ZERF. Am gestrigen Dienstagnachmittag, 7. August, gegen 17 Uhr, wurde durch einen Verkehrsteilnehmer eine Feuerstelle im Wald an der L 142 zwischen Zerf/ Hirschfelderhof und Weiskirchen gemeldet. Die Brandstelle befand sich auf rheinland-pfälzischer Seite unmittelbar vor der Landesgrenze.

Durch die alarmierten Feuerwehrkräfte wurde vor Ort festgestellt, dass vermutlich eine dort im Erdreich liegende, noch aus dem 2. Weltkrieg stammende Phosphor-Handgrate sich aufgrund der derzeit lang andauernden Hitze selbst entzündet hatte. Die Granate lag in dem Waldstück unmittelbar neben dem Straßengraben der L 142. Das Feuer hatte sich auf einer Fläche von 1 – 2 Quadratmetern ausgebreitet.

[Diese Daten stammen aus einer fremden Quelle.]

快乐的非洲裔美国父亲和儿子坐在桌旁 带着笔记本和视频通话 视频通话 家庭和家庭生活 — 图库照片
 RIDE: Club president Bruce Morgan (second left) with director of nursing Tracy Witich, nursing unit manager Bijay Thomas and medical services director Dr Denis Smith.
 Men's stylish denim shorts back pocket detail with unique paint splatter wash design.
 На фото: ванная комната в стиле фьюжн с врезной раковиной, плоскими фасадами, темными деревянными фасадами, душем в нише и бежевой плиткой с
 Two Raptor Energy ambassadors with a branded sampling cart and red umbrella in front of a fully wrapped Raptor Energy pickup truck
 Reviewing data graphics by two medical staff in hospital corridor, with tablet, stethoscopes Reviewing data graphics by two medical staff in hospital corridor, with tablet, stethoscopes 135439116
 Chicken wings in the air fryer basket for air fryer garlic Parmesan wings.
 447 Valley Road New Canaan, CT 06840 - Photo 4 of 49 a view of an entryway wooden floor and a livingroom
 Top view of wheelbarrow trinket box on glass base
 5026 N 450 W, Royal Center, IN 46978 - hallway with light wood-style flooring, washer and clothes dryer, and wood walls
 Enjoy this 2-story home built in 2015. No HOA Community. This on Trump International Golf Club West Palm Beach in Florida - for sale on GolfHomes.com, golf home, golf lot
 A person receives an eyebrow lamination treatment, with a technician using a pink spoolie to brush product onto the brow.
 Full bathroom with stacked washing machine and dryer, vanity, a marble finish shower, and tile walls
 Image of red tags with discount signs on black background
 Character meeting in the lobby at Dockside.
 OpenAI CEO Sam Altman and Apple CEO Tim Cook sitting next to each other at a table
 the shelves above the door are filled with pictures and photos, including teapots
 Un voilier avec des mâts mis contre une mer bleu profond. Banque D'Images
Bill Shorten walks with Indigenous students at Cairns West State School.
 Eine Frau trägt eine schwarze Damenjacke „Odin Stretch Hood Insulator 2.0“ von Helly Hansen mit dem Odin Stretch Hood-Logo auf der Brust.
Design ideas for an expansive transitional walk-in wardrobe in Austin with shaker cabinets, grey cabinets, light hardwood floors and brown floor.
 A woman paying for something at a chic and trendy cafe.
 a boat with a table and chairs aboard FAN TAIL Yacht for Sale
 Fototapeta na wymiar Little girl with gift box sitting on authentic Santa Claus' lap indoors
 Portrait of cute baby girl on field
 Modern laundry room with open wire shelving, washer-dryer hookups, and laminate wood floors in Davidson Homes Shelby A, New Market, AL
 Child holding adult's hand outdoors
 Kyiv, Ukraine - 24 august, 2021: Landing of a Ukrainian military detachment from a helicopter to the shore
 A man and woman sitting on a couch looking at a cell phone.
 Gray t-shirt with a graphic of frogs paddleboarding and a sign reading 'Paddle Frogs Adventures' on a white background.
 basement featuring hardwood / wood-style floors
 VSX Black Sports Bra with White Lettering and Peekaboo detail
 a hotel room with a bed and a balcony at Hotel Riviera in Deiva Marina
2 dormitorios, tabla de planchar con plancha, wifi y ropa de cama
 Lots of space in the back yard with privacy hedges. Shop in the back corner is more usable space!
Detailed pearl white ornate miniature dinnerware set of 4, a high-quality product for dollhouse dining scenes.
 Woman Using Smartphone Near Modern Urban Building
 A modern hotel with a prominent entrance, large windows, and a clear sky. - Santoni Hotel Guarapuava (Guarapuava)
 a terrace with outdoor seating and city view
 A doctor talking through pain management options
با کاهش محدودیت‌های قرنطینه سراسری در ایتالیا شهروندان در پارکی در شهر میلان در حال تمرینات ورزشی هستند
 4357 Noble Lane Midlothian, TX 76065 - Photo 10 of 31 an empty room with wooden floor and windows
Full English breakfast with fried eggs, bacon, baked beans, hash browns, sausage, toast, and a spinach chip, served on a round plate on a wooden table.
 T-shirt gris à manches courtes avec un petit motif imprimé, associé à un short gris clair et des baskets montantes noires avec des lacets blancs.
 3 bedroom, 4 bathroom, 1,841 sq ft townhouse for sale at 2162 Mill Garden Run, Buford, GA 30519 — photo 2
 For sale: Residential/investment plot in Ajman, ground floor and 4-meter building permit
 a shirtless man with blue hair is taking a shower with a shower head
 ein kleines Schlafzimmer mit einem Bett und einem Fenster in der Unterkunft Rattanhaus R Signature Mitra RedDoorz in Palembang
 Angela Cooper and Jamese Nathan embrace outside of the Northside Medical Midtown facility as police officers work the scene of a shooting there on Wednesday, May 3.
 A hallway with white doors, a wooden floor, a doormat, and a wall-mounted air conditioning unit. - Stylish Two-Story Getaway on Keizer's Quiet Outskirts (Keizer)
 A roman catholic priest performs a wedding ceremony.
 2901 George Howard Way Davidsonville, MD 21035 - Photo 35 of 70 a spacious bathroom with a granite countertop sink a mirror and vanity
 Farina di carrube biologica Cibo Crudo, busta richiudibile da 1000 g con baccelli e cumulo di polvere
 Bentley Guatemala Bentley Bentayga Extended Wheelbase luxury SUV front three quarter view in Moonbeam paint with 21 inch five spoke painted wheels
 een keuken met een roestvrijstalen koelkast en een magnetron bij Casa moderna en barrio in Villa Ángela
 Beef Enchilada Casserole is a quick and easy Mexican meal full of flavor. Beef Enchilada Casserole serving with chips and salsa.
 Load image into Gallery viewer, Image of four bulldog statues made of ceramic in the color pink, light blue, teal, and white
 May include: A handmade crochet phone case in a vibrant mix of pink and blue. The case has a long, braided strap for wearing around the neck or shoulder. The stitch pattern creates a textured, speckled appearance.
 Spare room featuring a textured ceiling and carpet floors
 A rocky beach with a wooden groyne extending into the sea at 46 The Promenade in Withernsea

Der aus Koblenz angeforderte Kampfmittelräumdienst konnte die metallische Hülle der Granate nach Ablöschen sichern und abtransportieren, die Feuerwehr entsorgte die abgebrannten chemischen Bestandteile fachgerecht.

Wegen der länger andauernden Lösch- und Bergungsarbeiten, insbesondere wegen der besonderen Gefährlichkeit der Inhaltsstoffe, musste die L 142 in beide Fahrtrichtungen für ca. 4 Stunden gesperrt werden. Eine örtliche Umleitung wurde eingerichtet.

Im Einsatz waren die Feuerwehren Zerf und Weiskirchen, der Kampfmittelräumdienst Rheinland-Pfalz, die Straßenmeisterei Merzig sowie die Polizeiinspektionen Saarburg und Nordsaarland Wadern.

Insgesamt wurden keine Personen verletzt, ein weiteres Ausbreiten des Brandes auf das Waldgebiet konnte durch das schnelle Eingreifen der Einsatzkräfte verhindert werden.

In diesem Zusammenhang bittet die Polizei nochmals darum, beim Auffinden von Kampfmitteln jeglicher Art diese keinesfalls zu berühren und unmittelbar die zuständige Polizei zu verständigen.